Rystil: [sblock]Kirkesh ducks down another ally once he's close to the restraunt, and shifts back into Vanessa, and walks calmly into the restraunt.  She says to the maître-d' "Excuse me, I believe I left something in the ladies room." she says as she walks past him.  Ducking into the mens room when no one's looking, he emerges himself, and heads back to meet Vanessa.

"I'm sorry I took so long, but we should go.  We have our run of the town tonight, and only so much time my goddess." He smiles, pulling her close and giving her a big kiss.

OOC: If I skiped a bit forward, sorry.  I figured this wasn't too much, but you can backtrack me if needed and I'll adjust accordingly.[/sblock]


----------



## Rystil Arden (Jul 9, 2005)

Yuriko:
[SBLOCK]
(OOC: Don't worry, I didn't forget the feat, but your Dodge target, as stated, was the Kyozoku named Barai, and he was dead before you could use it last round )

*Yuriko slams her elbow into the charging bandit's windpipe, stunning him and rendering him unable to anything but gasp for air, while at the same time she performs a circle-kick, first sweeping the flanking hito off his feet and then delivering a solid blow to his chest with her foot. Meanwhile, she watches the would-be rapist carefully, anticipating his possible courses of attack, her leg still completely the arc from the attack against its first target.*

*Sure enough, the fool makes a simple thrust for Yuriko's belly to try to spill her guts, and though his attack is a good one--well placed and timed, she had expected this and sucked in her breath, bending backwards as her leg finished its arc, sweeping over, up, and under across his legs and bowling him over while delivering a blow to his face.*

*The formerly flanking bandit attempts to rise, but Yuriko catches him off guard with a punch to his head, causing his vision to blur as he swings and misses her with his blade.*

*Finally, the last hito reaches the fight, moving to let the flanker flank once more as he misses Yuriko with his blade.*

(OOC:

Yuriko's Attacks 10 + 5 = 15, 18 + 5 = 23, both hit 

Charger's Fort Save 5 + 5 = 10, failure. 

Charger takes 11 Damage and is Stunned for 1 round (so until next round any attacks are sneaks)

Opposed Trip Yuriko vs Flanker 13 + 8 = 21 vs 1 + 3 = 4, Tripped!

Yuriko's Follow-up Attack 15 + 9 = 24, Hit!

Flanker takes 6 Damage.

Raper's Attack 14 + 5 = 19, Hit--Wait no that missed thanks to Dodge. Oops!

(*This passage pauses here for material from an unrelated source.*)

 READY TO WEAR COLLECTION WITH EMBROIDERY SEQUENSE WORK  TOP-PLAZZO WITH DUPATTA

Yuriko's follow up trip: 9 + 5 = 14, hits for the touch attack

Opposed Trip Attempt Yuriko vs Raper 15 + 8 = 23 vs 18 + 3 = 21, Raper is Tripped!

Follow-up Attack to the Follow-up Trip! 9 + 9 = 18, Hit.

Raper takes 8 damage!

Yuriko's Attack of Opportunity 10 + 9 = 19, Hit.

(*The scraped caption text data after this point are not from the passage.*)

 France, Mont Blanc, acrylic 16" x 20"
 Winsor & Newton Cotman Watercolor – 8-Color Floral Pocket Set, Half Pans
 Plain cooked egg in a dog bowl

Flanker takes 8 more damage!

Flanker 13 + 4 = 17, Miss.

Straggler 11 + 7 = 18, Miss.

Yuriko's turn--oh, and Yuriko rocks! Looks at all the stuff she did this round without being scratched  )
[/SBLOCK]


----------



## Keia (Jul 9, 2005)

*Yotsu Yuriko, Martial Artist*

*Rystil Only*[sblock]*Yuriko concentrated on the one's that were disabled first . . . Ayame always instructed to strike when and where you enemy was weakest.  The crane nestled in the reeds, followed by the pouncing lion . . . fortunes willing, she would yet survive and save the farmers that yet lived . . .

OOC: Flurry, Strike on the stunned charger - +5, 1d8+4 +2d6.  Second strike Improved trip followed by a stunning fist on the flanker.  Dodge opponent on the straggler.[/sblock]


----------



## Rystil Arden (Jul 9, 2005)

Kirkesh:
[SBLOCK]
*The maître-d' does a startled double-take, and then regains his composure.*

"But of course, milady, though I could swear I just saw you...never mind.  Please, make yourself at home." 

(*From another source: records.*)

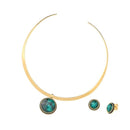 CONJUNTO FOLHEADO A OURO E RÓDIO NEGRO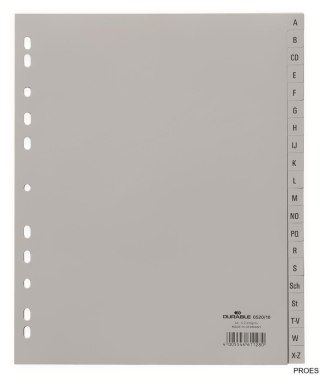Przekładki PP A4 szare, nadr. indeks, A-Z, 20 części Szary 652010 DURABLE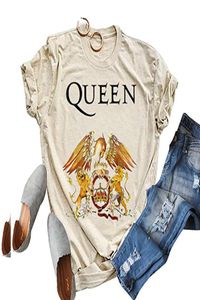 Queen Band Print Women Summer Vintage Tshirts Oneck Manga curta Tops Opendedizes Fashion Fashion Korean estilo Camiseta 210302782087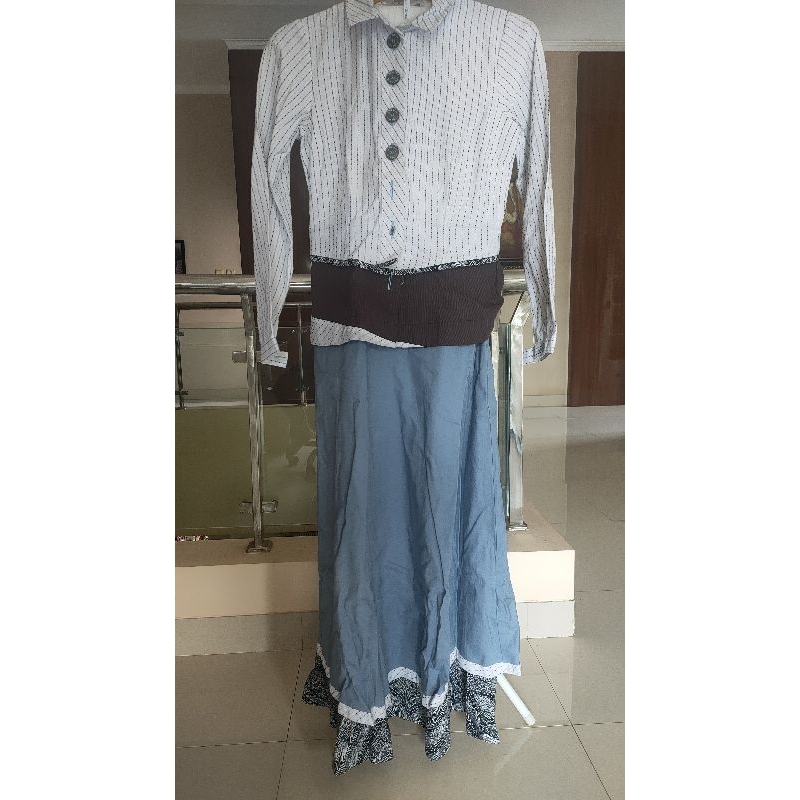 Gamis Tunika Putih Biru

*And he smiles nervously.*

*When Kirkesh is back to his usual self, he exits the men's room to see Vanessa coming out of the ladies room at the same time.  That explains the maître-d's confusion, she had ironically just asked to go to the bathroom before Kirkesh came back into the restaurant!*
[/SBLOCK]


----------



## Bront (Jul 9, 2005)

Rystil Arden said:
			
		

> Kirkesh:
> [SBLOCK]
> *The maître-d' does a startled double-take, and then regains his composure.*
> 
> ...



Rystil: [Sblock]"There you are sweet Vanessa.  Come, let's settle up here and explore the town.  The night is young, and there is much for us to see."  Kirkesh holds her hand as he leads her back to their table, and grabs the unopened bottle of champaign.[/sblock]


----------



## Rystil Arden (Jul 9, 2005)

Yuriko:
[SBLOCK]

*Yuriko quickly knocks out the stunned man with a sharp blow to the temple, and knocks the flanking bandit onto the ground flat, staggering him though failing to cause a stunning blow.  As the would-be rapist rises, Yuriko shows him what she thinks about his actions by giving him a swift kick against the side of the thighs, though it doesn't quite hit the sensitive spot she would have preferred.  Nevertheless, he reflexively closes his legs to try to protect himself, missing terribly with his attack and nearly dropping his sword in the process.* 

*The flanker rises, dodging Yuriko's fist, though staggered and unable to bring any attack to bear, and the straggler makes a thrust for which Yuriko is prepared, dodging to the side slightly and sweeping in her leg again, though the bandit is barely able to leap out of the way this time.*

(OOC:

Yuriko's Attack vs stunned Charger 6 + 7 = 13, Hits barely due to flat-footedness and the +2.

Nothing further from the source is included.